Hall subgroups need not exist

Statement

Let ${\displaystyle G}$ be a finite group and ${\displaystyle \pi }$ be a set of prime numbers. Then, there need not exist a ${\displaystyle \pi }$-Hall subgroup (?) of ${\displaystyle G}$. In other words, there need not exist a subgroup whose order and index are relatively prime, and where all prime factors of the order are in ${\displaystyle \pi }$.

Related facts

Facts about Sylow subgroups

• Sylow subgroups exist

More facts about existence of Hall subgroups

• Hall subgroups exist in finite solvable
• Hall's theorem on solvability: This states that Hall subgroups of all possible orders exist for a finite group if and only if the finite group is a finite solvable group.

Proof

Proof using Hall's theorem

The proof directly follows from Hall's theorem, and the fact that there exist finite groups that are not solvable; for instance, the alternating group of degree five.

A concrete example

Further information: Alternating group:A5

Let ${\displaystyle G=A_{5}}$ be the alternating group of degree five. Consider the prime set ${\displaystyle \pi =\{2,5\}}$. For a ${\displaystyle \pi }$-Hall subgroup to exist, it must have order equal to ${\displaystyle 20}$. However, ${\displaystyle A_{5}}$ has no subgroup of order ${\displaystyle 20}$.

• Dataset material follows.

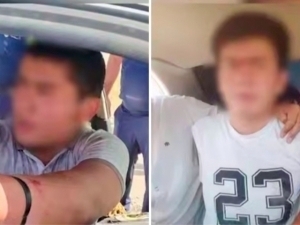 Машина олиб қочган ва ИИО ходимини пичоқлаган йигитлар қамалди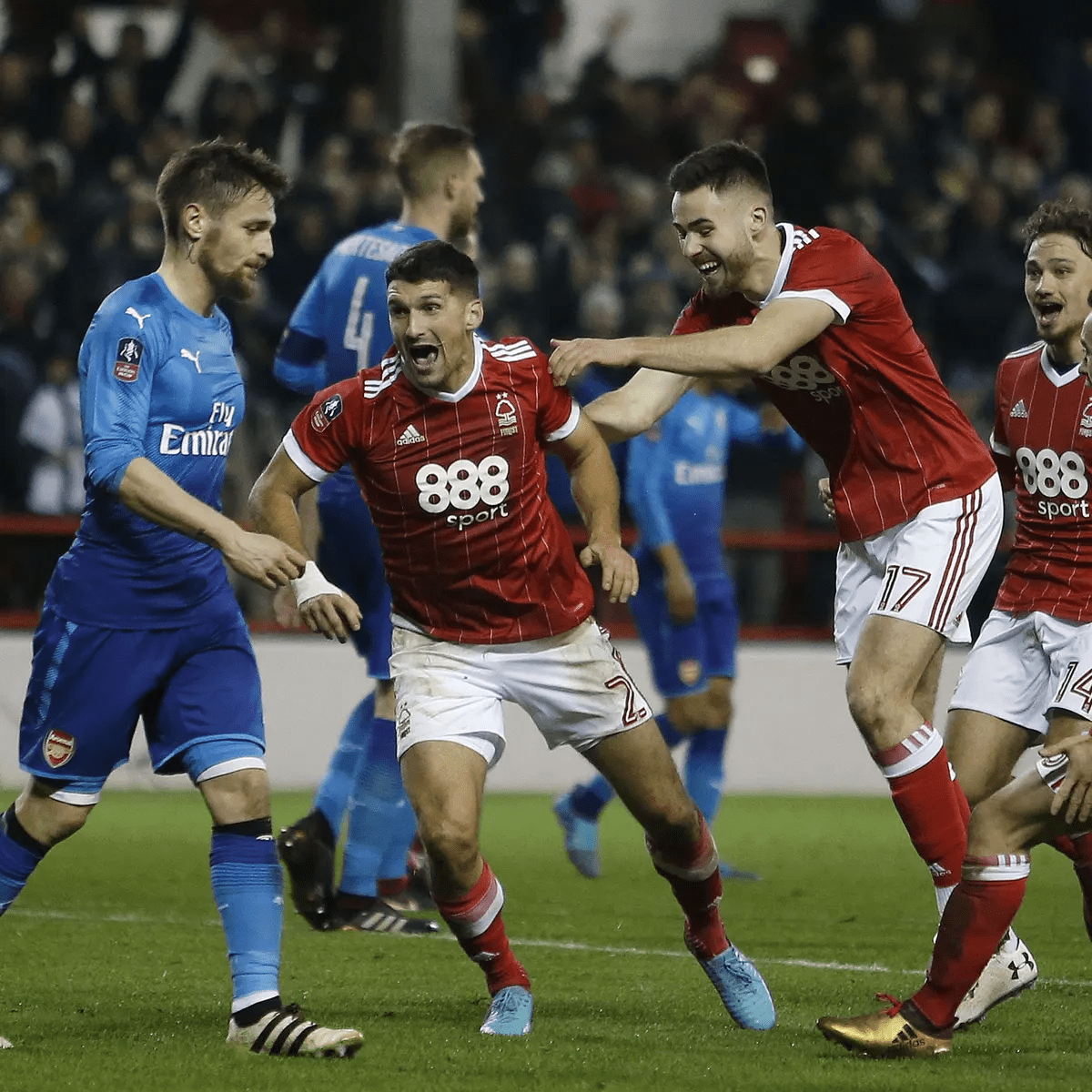 尼的租借 尼的租借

There are many ways of seeing this. For instance, let's assume we know that A5 is simple. Then, a subgroup of order ${\displaystyle 20}$ gives an action of ${\displaystyle G}$ on the coset space of that subgroup (which has size three), yielding a nontrivial homomorphism from ${\displaystyle G}$ to the symmetric group on three elements. This contradicts the simplicity of ${\displaystyle G}$.